Chapter Eight: Nicky, you have to eat
Nicky's point of view
"Nicole Jones?" A nurse calls out.
"Yes, ma'am," I say as I stand up in the doctor's office. I am here to see my nutritionist. I decided to take the day off work. Mr. Foster was excellent with it. Even though he was evil to Luke, he likes me. Go figure.
"Please stand on the scale." The nurse says as she points to the scale. I sigh.
You already know you are fat. You don't need a number to tell you you are worthless. You fat, ugly piece of shit. You don't deserve to eat or live.
"Shut up, thoughts, okay? I have to do this!" I scream to the thoughts in my head, but I don't speak out loud.
I stand on the scale and gasp at the number.
See! I told you, you are fat!
My brain is right.
Holy shit.
"Follow me." The nurse says as I walk off the scale and go to a room.
"Dr. Johnson will be with you shortly." The nurse smiles as she shuts the door. I thank her and sit on one of the chairs in the office.
My doctor is here at the hospital, so I came here. I can hear people being paged over the intercom. I hear the whoosh of automatic doors opening and closing. I see many patients here and their families waiting for them. It smells like cleaning supplies in here.
I notice my hands shake, and I can't stop biting my nails. I pick at my skin when I am stressed and anxious. I see I am also sweating a lot.
"Hello, Ms. Jones," Dr. Johnson says as she enters my room with a frown.
"Are you Dr. Johnson?" I ask her.
"Yes, ma'am. And I have such terrible news." She sighs as she sits down on her chair.
"Nicole, can I call you that?" She asks, and I nod my head yes.
"I know that you have severe anorexia, and your body is shutting down. You have Irregular heart rhythms after your EKG and low blood pressure. You are starving yourself. So here is my plan for you. If you have not stopped starving yourself in three months, I will have to put you in a mental hospital for inpatient time, and you will have to have a feeding tube."
"No, no, NO!" I scream. My heart feels like it's going to explode in my chest.
"Nicole, this is the right treatment for you. I spoke with your therapist Andrew, and he agreed."
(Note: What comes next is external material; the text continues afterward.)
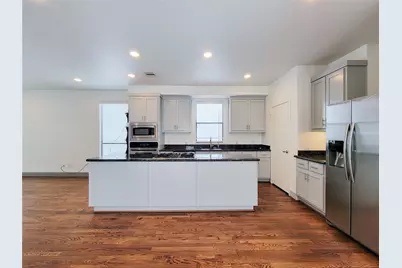 1432 Ennis Street, Houston, TX 77003 - Photo 3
"Of course he fucking did. Don't you fucking see! I can't go to another mental hospital! Not again!" I cry and see now that tears are falling down my face.
I look down at my hands, and the shaking is worse than ever. I am going into complete shock.
"Just calm down." Dr. Johnson tries to comfort me, but instead it pisses me off.
"Go FUCK YOURSELF, Dr. Johnson. FUCK YOU!" I scream at her and then run out of the room. I keep running out of the hospital.
No. No. No. NO!! This can't be happening.
I find my car in the parking lot with tears rolling down my face. I get in my car, shut the door, turn on my car, and cry.
Don't you see Nicky? You need to die. This world would be better without you. Luke would also be better without dealing with the depressed, anxious, and eating disorder mess that you are.